# [The data]
Segment Open

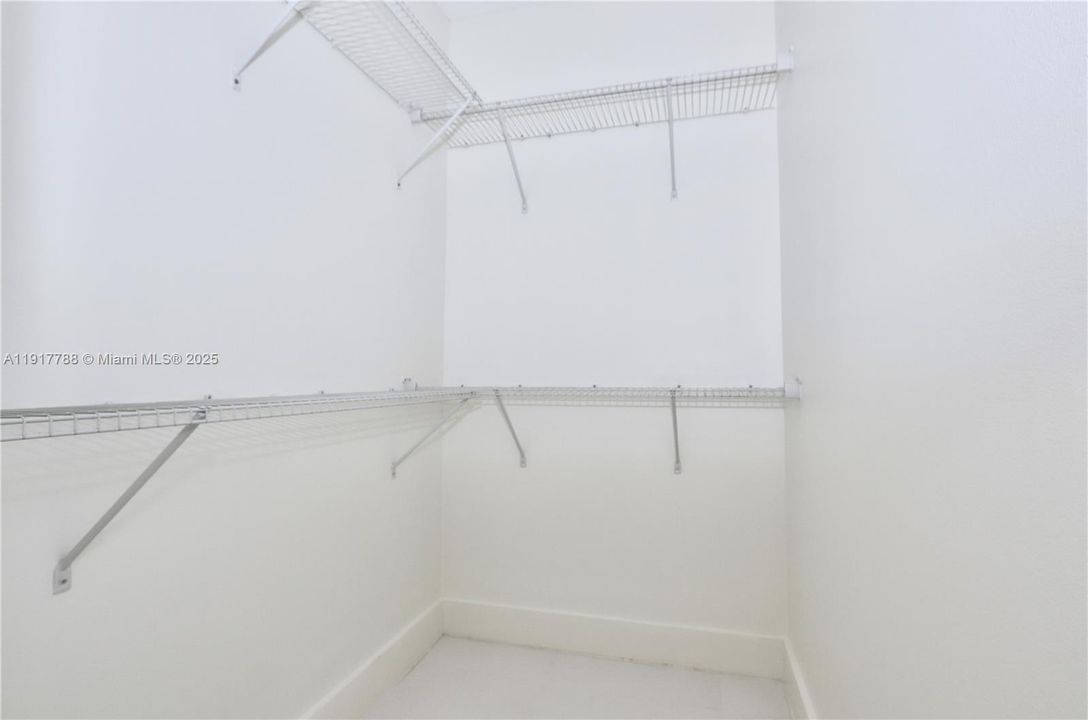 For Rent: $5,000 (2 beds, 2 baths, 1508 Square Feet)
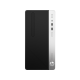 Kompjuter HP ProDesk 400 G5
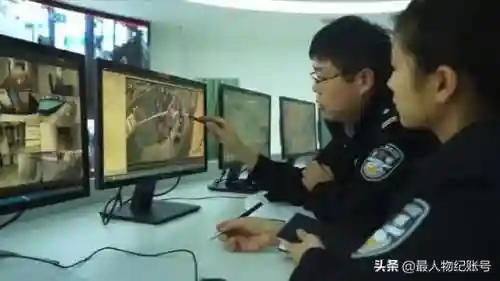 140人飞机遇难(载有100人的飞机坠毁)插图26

Segment Closed
Segment Open

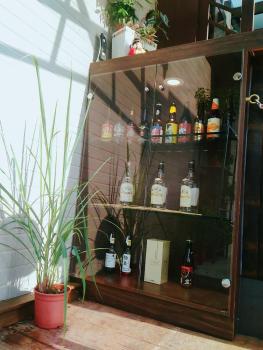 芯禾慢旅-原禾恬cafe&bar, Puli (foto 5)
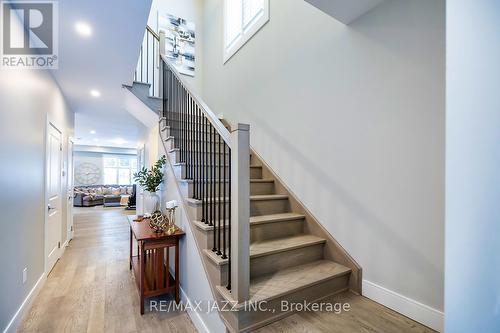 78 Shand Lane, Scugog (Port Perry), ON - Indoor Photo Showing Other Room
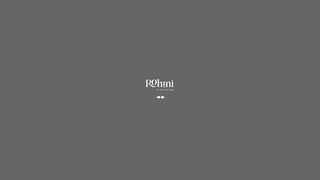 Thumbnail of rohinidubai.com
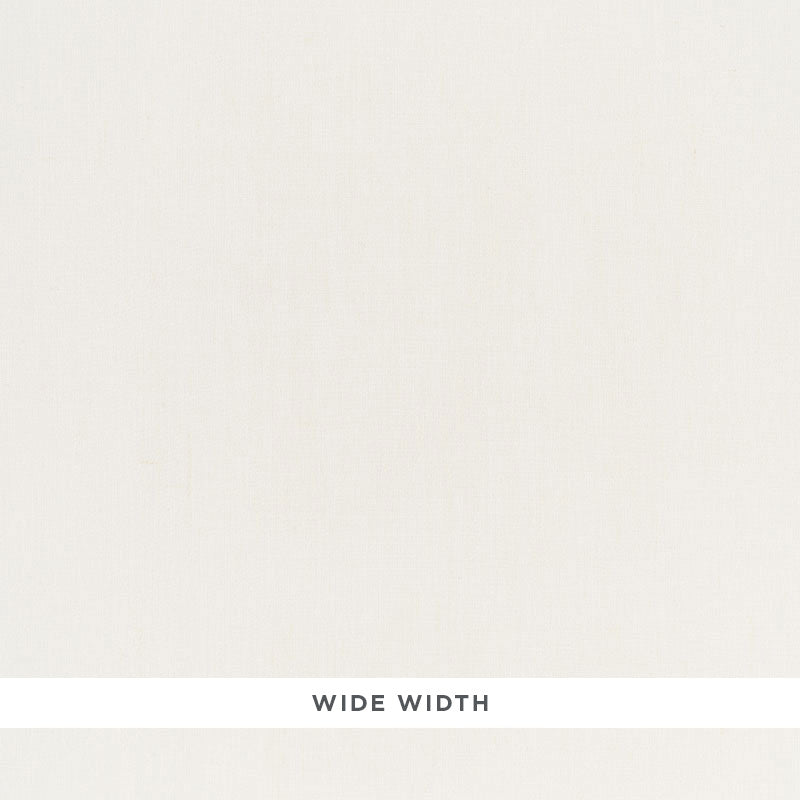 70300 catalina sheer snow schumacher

Segment Closed

# [Exercise objective]
Set down, exactly as written above, each line from the one with "For Rent: $5,000" through the one with "140人飞机遇难(载有100人的飞机坠毁)插图26", and skip the pictures.

# [Output of the task]
 For Rent: $5,000 (2 beds, 2 baths, 1508 Square Feet)
 Kompjuter HP ProDesk 400 G5
 140人飞机遇难(载有100人的飞机坠毁)插图26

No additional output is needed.